The Bearsted Academy will accommodate 420 primary-aged pupils and the Snowfields Academy will be an SEN school catering for 120 pupils with special needs.
The schools will be well supported with a full size football pitch, two smaller pitches, two all-weather multi-use games areas, an ampitheatre for outside performance, an outdoor gym, separate play areas for nursery and reception children, and a sensory garden.
The school drive ends with a roundabout, so that parents can drop off their children and exit without performing difficult turning manoeuvres.
The whole site will be shielded to the north and east by a 15m wide woodland border.
Boxley Parish Council, who were given their own showing of the plans, found the facilities impressive, but had grave concerns over the proposed access to the schools and the extra traffic that would be generated in the area.

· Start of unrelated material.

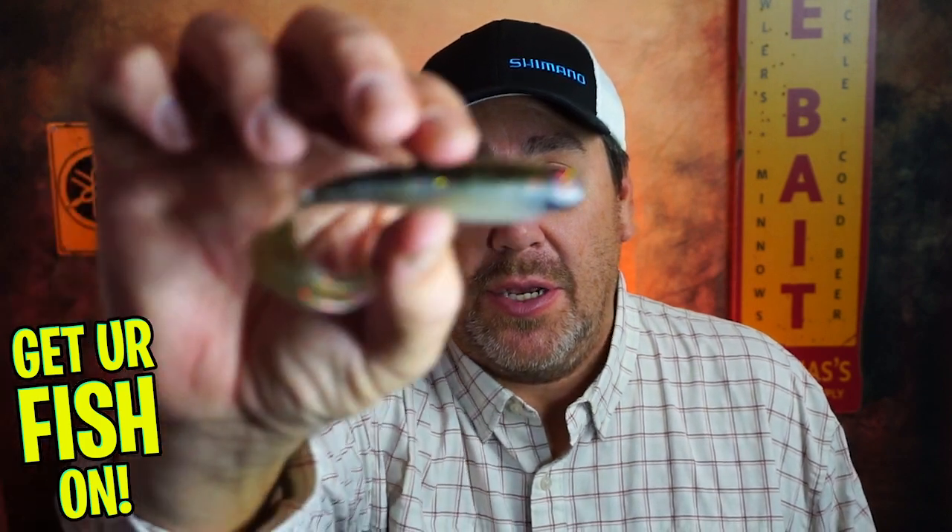Hey guys, welcome back to the channel and welcome back to the vlog. If you're new, I am Steve Chapman. Today you and I are going to take a closer look at the Chase Baits Curly Tail.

Chairman Bob Hinder said: "The applicant left knowing that, in no uncertain terms, residents were not happy with the prospect of more traffic, more congestion, but equally were extremely unhappy that the safety of children appeared not to be paramount in the decision to use this site.”
The Bearsted Road is already exceedingly busy and set to get busier still with further development planned at the medical campus, in New Cut Road and a new M&S store planned near J7 of the M20.
Many had expected the access would have been from within the medical campus site, but that is not the case.
Boxley Parish Council said safety issues made the proposal unacceptable.
The plans indicate 85 main car park spaces and 35 pick-up and drop-off slots for cars and mini-buses, with most of the SEN pupils expected to arrive by mini-bus.
Cllr Vic Davies said that would be nowhere near enough. The applicants imagined parents stopped, dropped their children and drove off, but experience elsewhere indicated parents often arrived 30 minutes before drop-off and pick-up times, and the scheme would not cope with such high levels of parking.
The DoE expects to encourage children to walk to school by widening the existing footpath, imposing a 30mph speed limit and constructing two pedestrian crossings.
Cllr Hinder said: "Nobody is disputing the need for more schools, but even the applicant had to admit that there are real local traffic problems."
A planning application is expected before the end of December.